How much of that is network latency? I.e., if we have an agent capable of performing faster than that, does all of the agent compute time get hidden under the latency?

This includes the network latency, processing delay and everything that is needed to send a request and get the response. Any latency/compute time on the agent will be added to this.

For example, if you have something like

import aicrowd_gym
from tqdm import trange

env = aicrowd_gym.make("NetHackChallenge-v0")
env.reset()
for _ in trange(1000000):
    _, _, done, _ = env.step(1)
    if done:
        env.reset()

This should give you a throughput of 1500-2000 iterations per second during the evaluation.

Hello @jyotish,

If the throughput is in 1500-2000 range, it indicates that the maximum average number of steps is only {1500--2000} * 0.5 * 3600 / 128 = 21k -- 28k per game.
Also a note, that the example you gave doesn’t really take into account the environment step delay, because env.step(1) (1 is CompassDirection.E) is a no-op after a few steps when the character hits the wall (the turn counter stops to tick after that).

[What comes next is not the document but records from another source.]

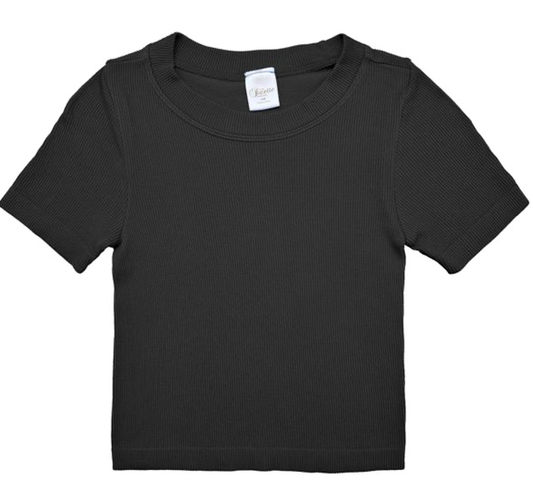 Suzette Girls Ribbed Tee | Black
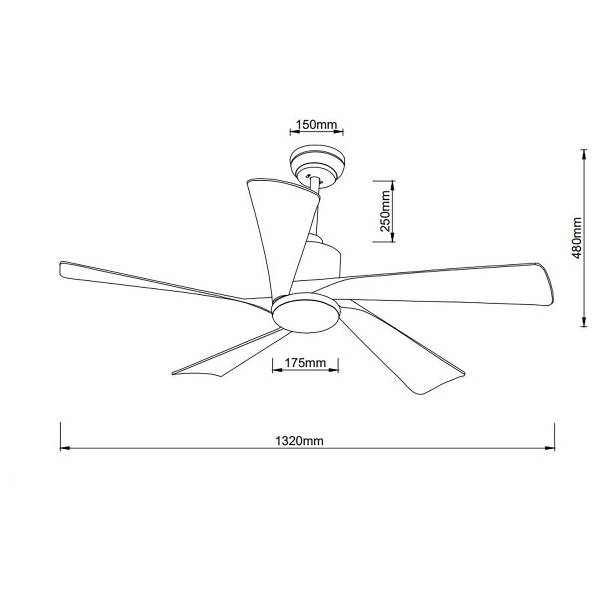 LED-Deckenventilator Modesto - Eisen - Silber / Braun - 1-flammig - Durchmesser: 132 cm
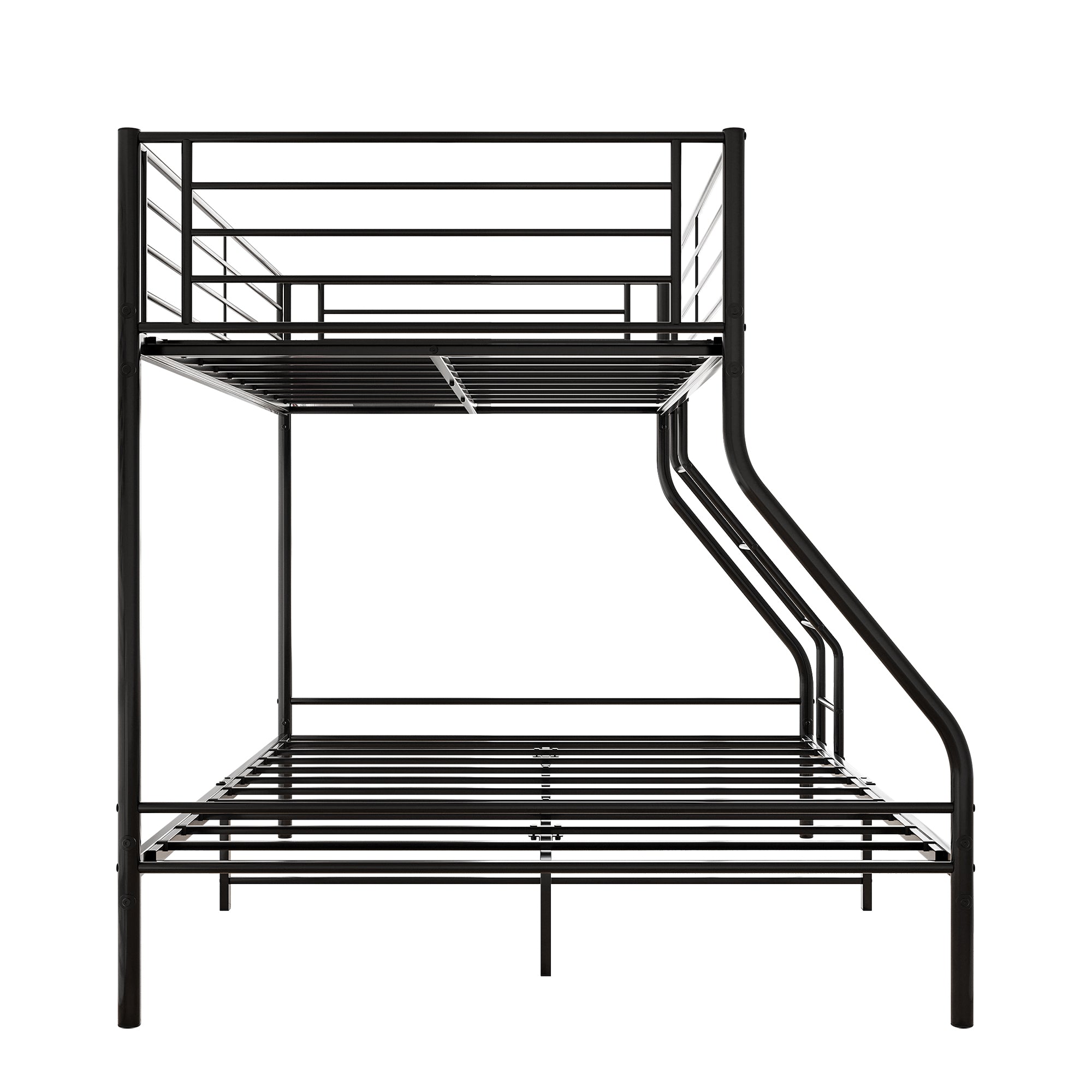 Heavy Duty Twin-Over-Full Metal Bunk Bed, Easy Assembly with Enhanced Upper-Level Guardrail, Black - Abrihome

28k steps per game is an extremely tight limit if one were to go for ascension (we are!). Assuming that we need 200k turns for ascension, which can be roughly equivalent to 400k steps, indicates that we have to early drop at least 93% of all games. We already have >40k steps in average, and have to do hacks to maximize the median score, like quitting after exceeding the median (in fact Panic team does the same judging from the leaderboard).

Of course the assumption that agent takes no time to execute is not realistic. In our case environment takes ~15% of the entire execution time (measured locally so there’s no communication delay).

The competition goal is to develop the best agent, but right now it’s more like an performance optimization problem instead. Citing the challenge motivation: “The only restriction is on the compute and runtime during evaluation, though these will be set to very generous limits to support a wide range of possible implementations”. Currently the compute limit is far from being “very generous” and to do this, we believe the time limit should be increased at least 10 times.

So, we encourage you to increase the time limit as much as possible to give participants a better chance to beat the game. With the current limit ascension is extremely unlikely, but it’s quite possible if the limit is increased.

3 Likes

Hi All!

Firstly thanks for this discussion and everyone’s contribution to it. It’s been very valuable for us organizers!

Our solution to the above problem is not the change the rules (30 mins will still be the maximum each agent gets for acting), but rather to ensure that network latency does not ‘run down the clock’ on game time, or get counted (as it clearly shouldn’t).

As such, AIcrowd have implemented a solution that should allow a random model to take more than 20,000 steps per second, in the environment, sequentially. Under the previous calculations this should allow at least 20,000 * 0.5 * 3600 / 128 =~ 280k steps per episode for a random agent.

I should also note that in final evaluation, we run 4096 episodes over 24hrs (instead of 512 in 2 hrs) further adding to the max number of steps you can run can achieve 280k * (512 / 4) / (4096 / 48 ) .

I’m sure @dipam can fill in with more specific details on timing later. I hope this clears up the matter and many thanks to AIcrowd for making it possible!

1 Like

One more note: It’s worth highlighting at this point that the overhead that was being faced was down to communicating “chattily” over the network - something that probably could also have been mitigated by moving to of batches of environments, if you were previously operating serially. Thankfully though, AIcrowd’s solution requires no refactoring!